Benzer şekilde basın da kuşatma altındadır. Adolf Hitler’in Polonya’yı işgaliyle başlayan, 60 milyon insanın öldüğü ve 2820 gün süren 2. Dünya Savaşı’nda 69 gazeteci ölürken, terör örgütü İsrail’in 78 günde öldürdüğü gazeteci sayısı 140’a yaklaştı ve sürekli artıyor.
Bu durum basın özgürlüğüne yönelik açık bir ihlaldir. Gazetecilere yönelik bu saldırı, çatışmanın insani etkilerinin tam olarak anlaşılması için gereken önemli bilgilerin akışını kısıtlamakta ve küresel hesap verebilirliği baltalamaktadır.
Çocukların Durumu ve Açlıkla Mücadele
Çocuklar bu saldırılardandan en ağır şekilde etkilenen gruplar arasında. Yüz binlerce çocuk, temel gıda maddelerine erişim eksikliği nedeniyle açlıkla mücadele ediyor. 7 Ekim’den bu yana 30 çocuk açlıktan şehit oldu.
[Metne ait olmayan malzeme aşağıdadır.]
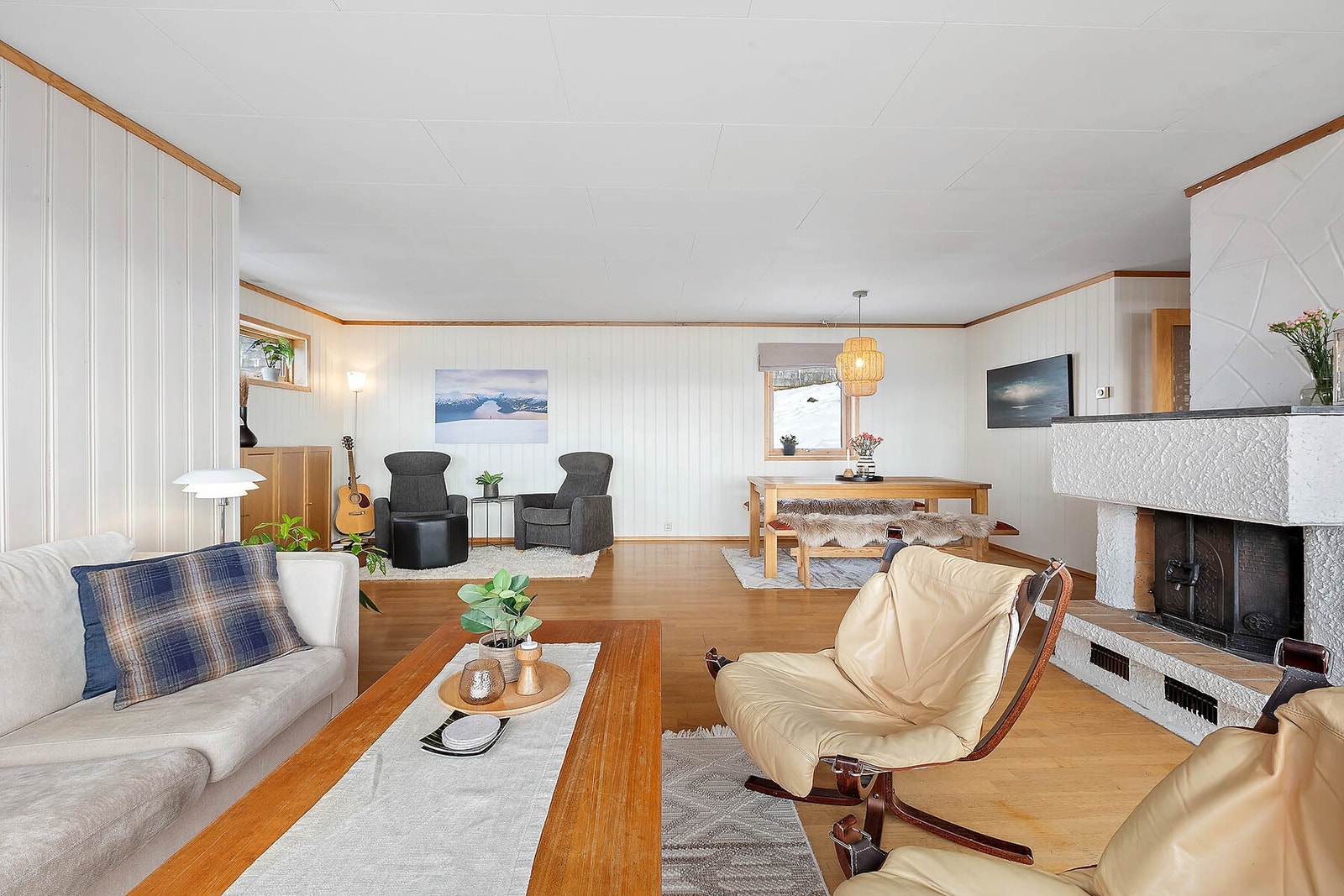 Stue/spisestue har vedovn og panelovn. Galleribilde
Dünya Gıda Programı ve diğer yardım kuruluşlarından gelen yardımlar, bu krizi hafifletmek için yeterli olmamakla birlikte, bölgeye sürekli gıda yardımı sağlama çabaları yoğunlaştırılmış, ancak İsrail'in ablukası bu yardımların ulaşmasını güçleştirmiştir. Ablukaya karşın havadan yardımlar gönderilmeye başlanmış, ancak yardım beklerken üzerlerine yardımların düşmesi veya işgalci İsrail’in kasten ateş açması sonucu 500’den fazla kişi şehit edilmiştir.
Uluslararası toplumdan gelen baskılar, bu ablukanın hafifletilmesi ve insani yardımların engelsiz bir şekilde sağlanması yönündedir.
Hedef Alınan Yardım Çalışanları
Gazze Şeridi'nde artan insani kriz ve kıtlık ile mücadele etmek için bölgede faaliyet gösteren yardım çalışanları, İsrail askerlerinin sistematik saldırıları ile karşı karşıya kalıyor. Bugüne kadar 150’den fazla BM çalışanı saldırılarda hayatını kaybetti.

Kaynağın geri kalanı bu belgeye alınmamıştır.